Question

Question 6
The angle of elevation of the top of a tower from two points distant s and t from its foot are complementary. Prove that the height of the tower is $\sqrt{st}$

Answer 1

Let the height of the tower be h.

And, $\angle ABC=\theta$

Given that, BC = s, PC = t

And, the angle of elevation on both position are complementary.

i.e., $\angle APC={90}^{\circ }-\theta$



[ if two angles are complementary to each other, then the sum of both angles is equal to ${90}^{\circ }$].
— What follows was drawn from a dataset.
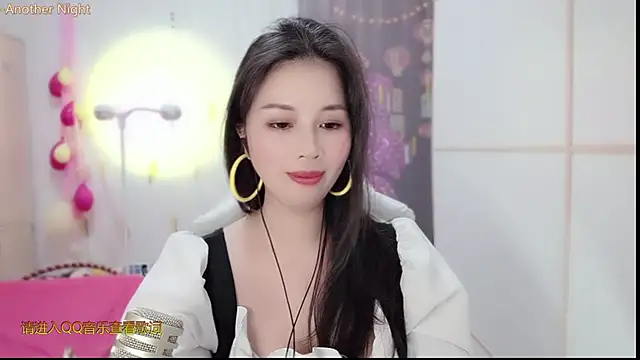 HK angelchloe online show from March 6, 2025, 7:14 am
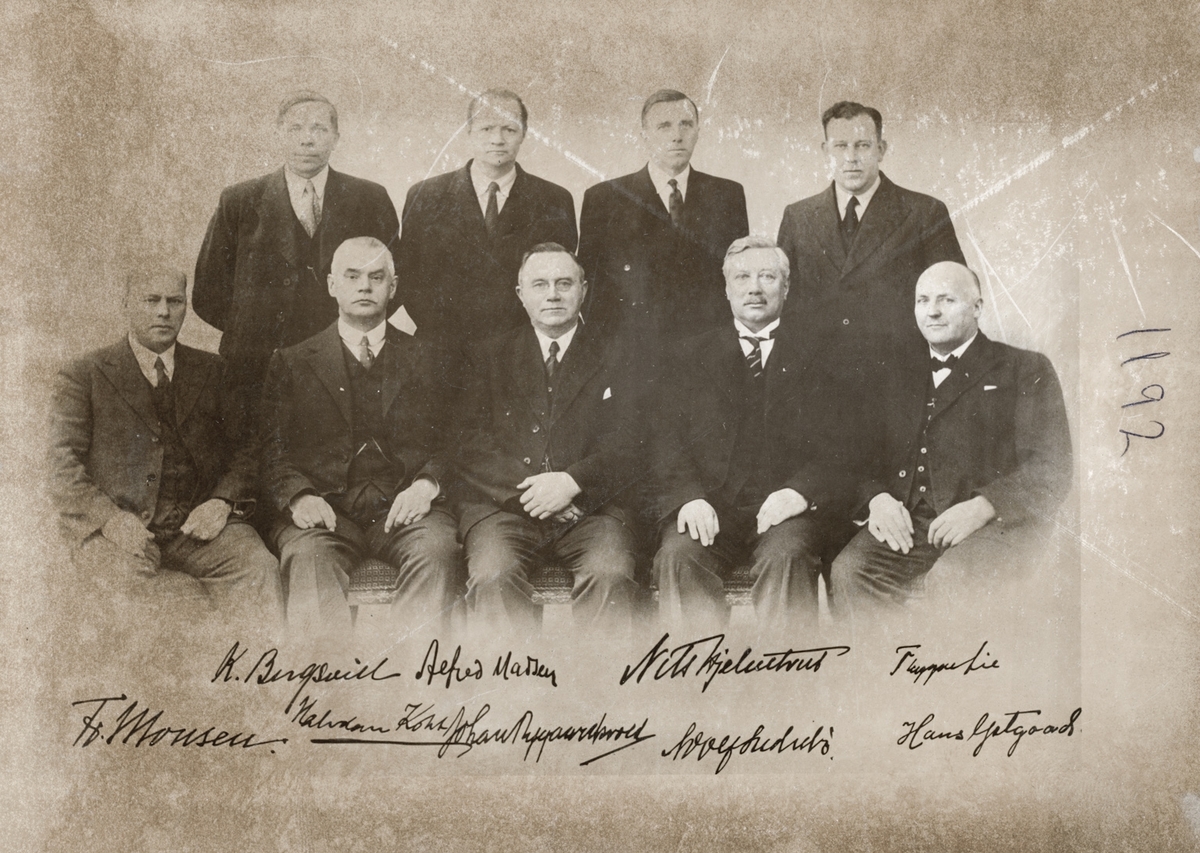 Johan Nygaardsvold (nedre rekke i midten) og regjeringsmedlemmer.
In $\Delta ABC$, $tan\theta =\frac{AC}{BC}=\frac{h}{s}\dots \dots \left(i\right)$

And, in $\Delta APC$,

$tan({90}^{\circ }-\theta )=\frac{AC}{PC}$ $[\because tan({90}^{\circ }-\theta )=cot\theta ]$

$\Rightarrow cot\theta =\frac{h}{t}$

$\Rightarrow \frac{1}{tan\theta }=\frac{h}{t}$ $[\because cot\theta =\frac{1}{tan\theta }]\dots \dots \left(ii\right)$

On multiplying Eq.s(i) and (ii), we get;

$tan\theta .\frac{1}{tan\theta }=\frac{h}{s}.\frac{h}{t}$

$\Rightarrow \frac{h^2}{st}=1$

$\Rightarrow h^2=st$

$\Rightarrow h=\sqrt{st}$

So, the required height of the tower is $\sqrt{st}$.